Strange issue with ifx compiler and '-assume recursion'

I’ve discovered this issue while trying to get some C and Fortran code to interop.

Essentially when using an internal procedure I get problems with ifx when using the ‘-assume recursion’ flag. I’ve made a minimally reproducible example here: Compiler Explorer

It compiles on 2023.2 and 2024, but has some runtime problems (it hangs, but in some test cases with certain compile flags I can get it to segfault). With 2023.0 and 2023.1 the compiler straight up crashes when trying to compile this.

Changing the location of the call to C_F_PROCPOINTER resolves the issue, but creates a separate issue in ifort (Problem with ifort compiler and type(C_PTR) - #6 by zaikunzhang).

Given that it crashes during compilation on 2023.0 and 2023.1 I’m guessing this is a compiler bug, but I’d appreciate it if anyone had any insight on this matter.

A different way to trigger this is by adding the recursive attribute to the subroutine. (Which AFAIK is the default since Fortran 2018). If you add the non_recursive attribute to the subroutine it works with all major versions of ifx (the source attribute appears to have precedence over the -assume recursion compiler flag).

You’re right that it’s the default in the 2018 standard, but Intel Fortran does not default to that unless you ask for -standard-semantics. I was very put out when I learned this.

Quoting @greenrongreen in another thread:

Admittedly, it doesn’t help in this situation, as it still crashes with even with 2024.0.

I’ve managed to find a few leads. The first thing I did was to eliminate every line I could, but would still lead to a segmentation fault:

! recursion.F90
!
module mymodule_mod
    use, intrinsic :: iso_c_binding
    implicit none
    private
    public :: callback_wrapper
    abstract interface
        subroutine callback() bind(c)
        end subroutine callback
    end interface
contains
#if RECURSION
    recursive subroutine callback_wrapper(callback_ptr)
#else
    subroutine callback_wrapper(callback_ptr)
#endif
        type(c_funptr), value :: callback_ptr
        procedure(callback), pointer :: callback_procedure
        call c_f_procpointer(callback_ptr, callback_procedure)
        call callback_closure
    contains
        subroutine callback_closure
            call callback_procedure()
        end subroutine callback_closure
    end subroutine callback_wrapper
end module mymodule_mod

program main
    use, intrinsic :: iso_c_binding
    use mymodule_mod
    implicit none
    call callback_wrapper(c_funloc(callback))
contains
    subroutine callback() bind(c)
        print *, "callback called"
    end subroutine
end program

When compiled normally the callback is called as expected. However when you turn on the definition -DRECURSION, or equivalently the flag -assume recursion, the program suffers a segmention fault.
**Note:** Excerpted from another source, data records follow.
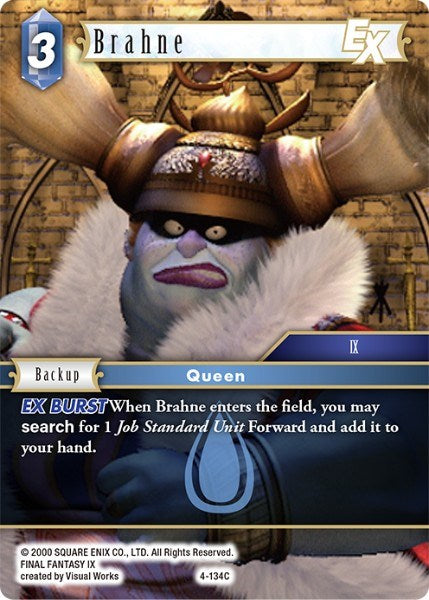 Brahne EX [Opus IV] | Boutique FDB TCG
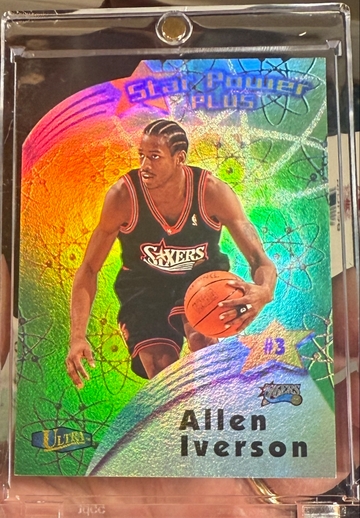 1997 Ultra Allen Iverson Star Power Plus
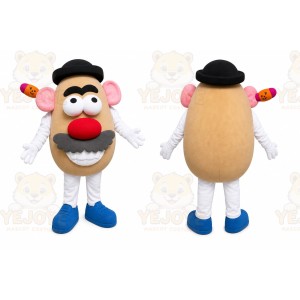 Vegetable Mascot Costume for Adults Custom Logo Party Character Suit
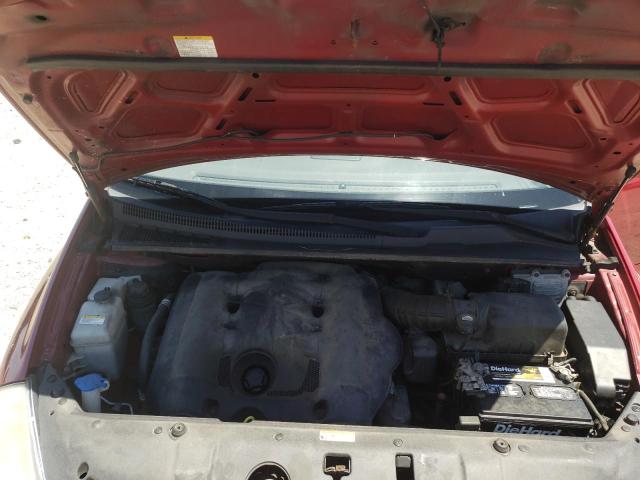 Photo 7 from auction – 2009 KIA SEDONA EX with VIN KNDMB233696296682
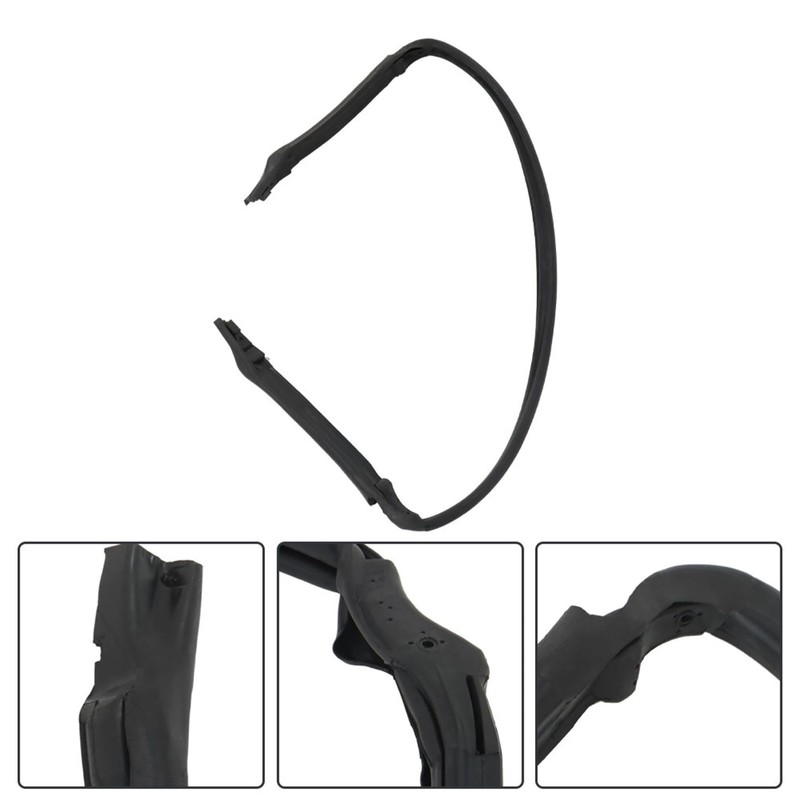 Nurniacl Rear Targa Top Weatherstrip Seal Replacement for 1997-2004 Corvette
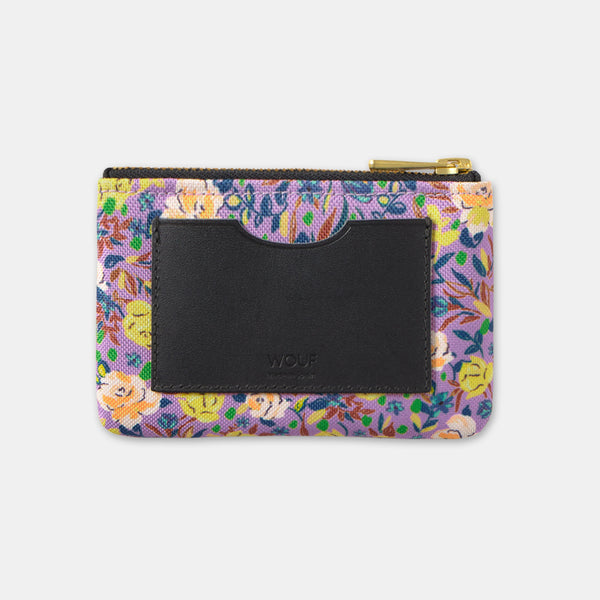 Mini-Clutch mit Leopardenmuster
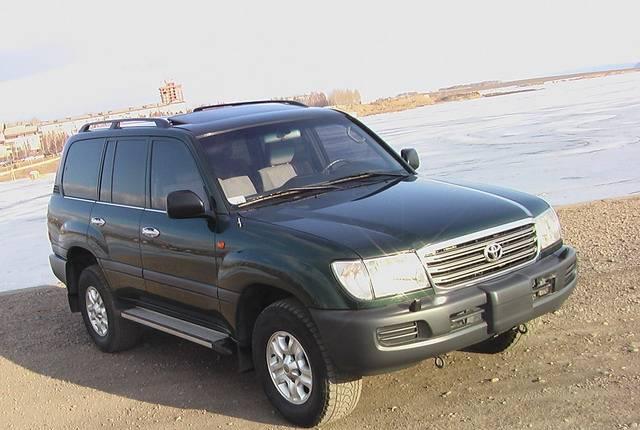 Toyota Land Cruiser, 2003 Иркутск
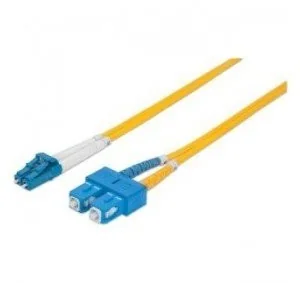 Techly Światłowód krosowy TechlyPro ILWL D9-SCLC-020 LC-SC duplex 9/125 OS2, SM 2m 302686 - Kable światłowodowe - miniaturka - grafika 5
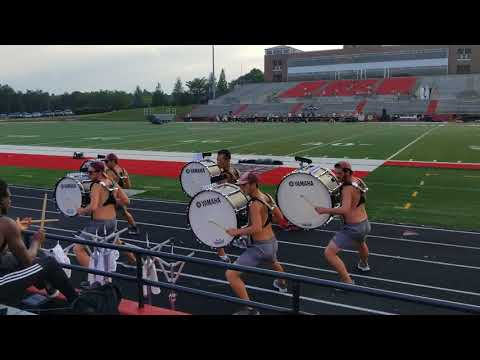 Carolina Crown 2018 Bass Solo || Early Season ||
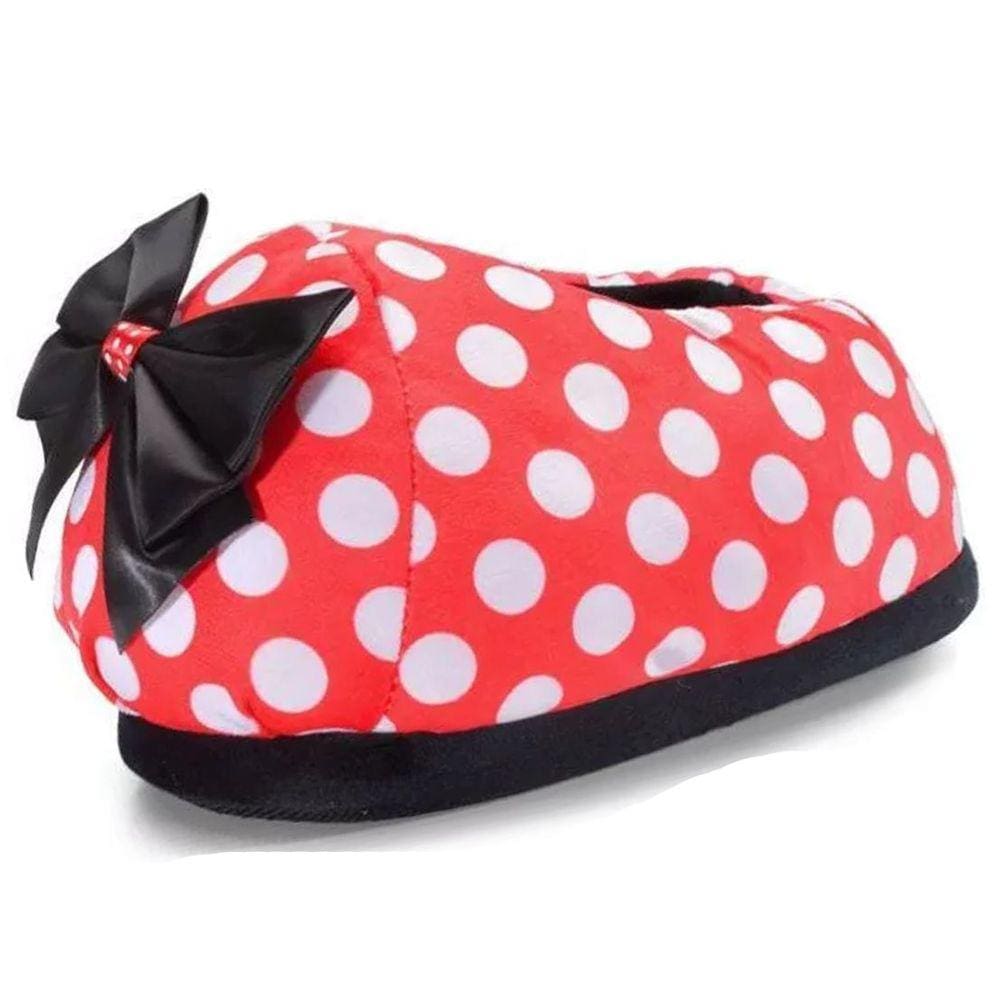 Pantufa Europa Minnie Pelúcia 1029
Looking at the diff view in compiler explorer there are a few noticeable changes (red is the one that works, green is the one that segfaults):

image1428×599 74.4 KB

The recursive attribute appears to changes a few load instructions, but I can’t really why . From here I noticed if I add -O1, the internal procedure gets inlined (the equivalent of removing the closure), and the problem disappears:

image1306×317 47.7 KB

(You can see the internal procedure is left empty in the right panel. In the left panel, it consists just of a jump to the to the target of the procedure pointer callback_procedure, and was also inlined). In your original example, -O1 doesn’t help however, for whatever bug-related reason.

The second observation, is that initialising the procedure pointer, also makes the segfault disappear:

procedure(callback), pointer :: callback_procedure => null()  ! initalization

In fact, the generated assembly is now the same with or without the recursive attribute. I’ve also checked that the initialization to null() works in your original example.
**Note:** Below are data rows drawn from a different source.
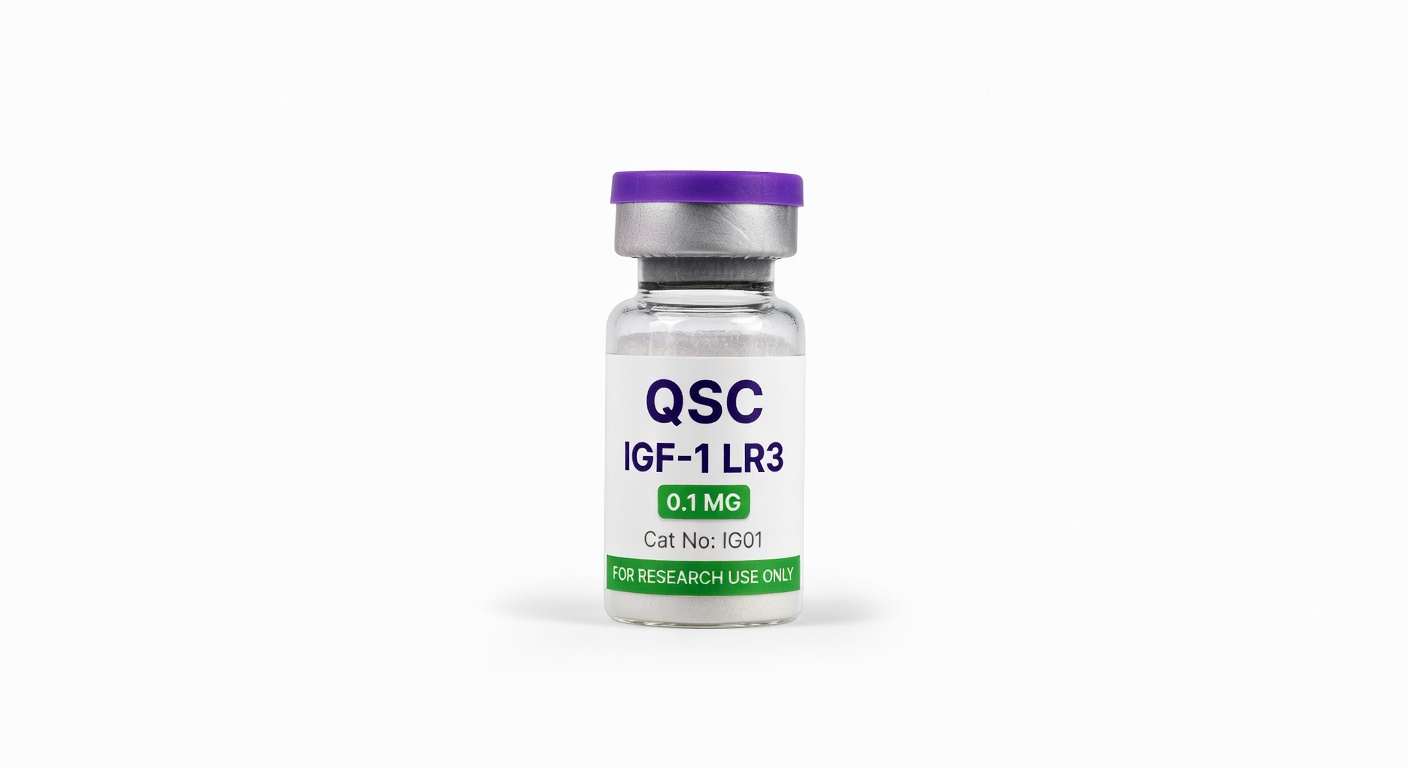 IGF-1 LR3 0.1mg*10vials — QSC product photo
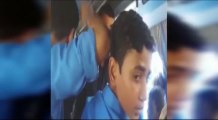 لاہور میں گونگے بہرے بچوں پر اسکول بس کے کنڈیکٹرز کے تشدد کی ویڈیو یکھیں۔ ویڈیو: حسن فاروق۔ لاہور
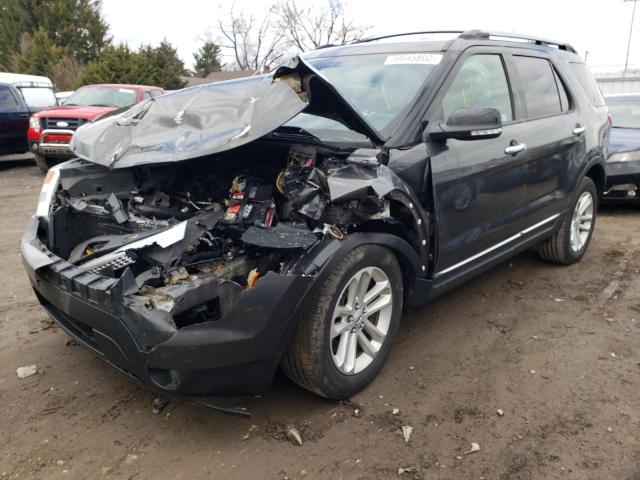 Photo 2 from auction – 2015 FORD EXPLORER X with VIN 1FM5K8D84FGB46055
Note that it doesn’t work if you nullify the pointer in as the first statement:

procedure(callback), pointer :: callback_procedure
nullify(callback_procedure)  ! first statement

I’d need to consult the standard to say if this is semantically equivalent to the initialisation or not.

The thing about recursive is that “the values of variables allocated in one activation of a recursive procedure must be protected from change by other activations,” quoting from a random IBM page on PL/I. If one of the local variables in a recursive procedure is a pointer, how do you make sure that other calls of the recursive procedure don’t invalidate the pointer? What if other threads change it?

Perhaps I am doing something wrong with your reproducer, as it compiles and runs with the 2024.0.0 ifx with or without -assume recursion.

type or paste code here
ifx -what -V -assume recursion repro.F90 
Intel(R) Fortran Compiler for applications running on Intel(R) 64, Version 2024.0.0 Build 20231017
Copyright (C) 1985-2023 Intel Corporation. All rights reserved.

 Intel(R) Fortran 24.0-1238.2
GNU ld version 2.39-9.fc38
$ ./a.out
 callback called

$ ifx -what -V repro.F90 
Intel(R) Fortran Compiler for applications running on Intel(R) 64, Version 2024.0.0 Build 20231017
Copyright (C) 1985-2023 Intel Corporation. All rights reserved.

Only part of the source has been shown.